Le Département d’État américain a annoncé le 9 juillet qu’il invitait le gouvernement chinois à participer à ce qui était un face-à-face américano-russe. La porte-parole Morgan Ortagus à annoncé apporter différents objectifs et perspectives, tout en reconnaissant le risque de désaccords. En effet : le directeur général du département Contrôle des armements du ministère des Affaires étrangères de Chine, Fu Cong, avait déclaré la veille que son pays était désireux de participer… mais si les Etats-Unis réduisaient leur arsenal au niveau de celui de la Chine (qui disposerait de 320 engins selon le SIPRI à Stockholm)[1].
L’ambassadeur de Russie à Washington, Anatoly Antonov, considère évident que la Chine n’est pas prête à participer à un accord et que la Russie ne peut se joindre aux Etats-Unis pour exercer sur elle une contrainte. Ce d’autant que la Russie ne cherche pas à signer un accord à n’importe quel prix, et qu’elle demandait déjà depuis des années que l’arsenal affecté aux Etats-Unis prenne en compte ceux de la France et de la Grande-Bretagne, comme alliés des Etats-Unis, dans un accord qui introduirait la Chine. Or, si la Grande-Bretagne dépend totalement des Etats-Unis pour sa dissuasion, ses missiles étant américains, la France est authentiquement indépendante, et entend le rester.
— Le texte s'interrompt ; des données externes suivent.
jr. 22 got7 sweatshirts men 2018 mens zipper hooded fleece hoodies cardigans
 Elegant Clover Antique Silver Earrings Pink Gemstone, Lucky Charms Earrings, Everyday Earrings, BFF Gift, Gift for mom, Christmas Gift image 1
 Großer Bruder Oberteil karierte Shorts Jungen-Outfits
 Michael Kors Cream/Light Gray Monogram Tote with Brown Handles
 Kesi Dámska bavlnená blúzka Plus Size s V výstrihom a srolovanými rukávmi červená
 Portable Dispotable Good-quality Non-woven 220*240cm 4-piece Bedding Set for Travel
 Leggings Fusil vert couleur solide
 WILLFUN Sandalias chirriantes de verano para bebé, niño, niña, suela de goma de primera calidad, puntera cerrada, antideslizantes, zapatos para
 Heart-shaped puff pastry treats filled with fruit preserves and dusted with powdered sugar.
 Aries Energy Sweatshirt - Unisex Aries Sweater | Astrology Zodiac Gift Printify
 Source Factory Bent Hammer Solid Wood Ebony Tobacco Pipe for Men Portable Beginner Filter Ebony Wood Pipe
La France et la Grande-Bretagne sont membres permanents du Conseil de sécurité de l’ONU depuis sa fondation en 1945, alors que ces deux pays disposaient encore chacun d’un « empire » qui justifiait une place particulière parmi les nations[2]. L’armement nucléaire légal au sens du TNP est réservé aux « Etats dotés » ou EDANs. Il se trouve que ce sont les cinq permanents (parce qu’ils avaient dès avant 1960 les moyens matériels techniques et scientifiques) mais cela reste une coïncidence (nul ne pouvait deviner en 1945 quels Etats auraient pu faire une démonstration avant 1960). Ce statut d’EDAN n’en demeure pas moins une justification de leur singularité. Retirer cette justification provoquerait un surcroît de récriminations de la part de pays, comme l’Inde, qui considèrent avoir droit à un siège permanent au Conseil. Mais, du fait du droit de veto des 5, il faudrait que les plus faibles de ceux-ci consentent à leur dépouillement – et aussi que la Chine admette un éventuel rival futur. La France, qui consacre un effort important à l’instauration et au maintien de la paix dans le monde, en particulier grâce à ses capacités « d’entrer en premier », n’aurait alors plus aucun motif à sacrifier ses enfants.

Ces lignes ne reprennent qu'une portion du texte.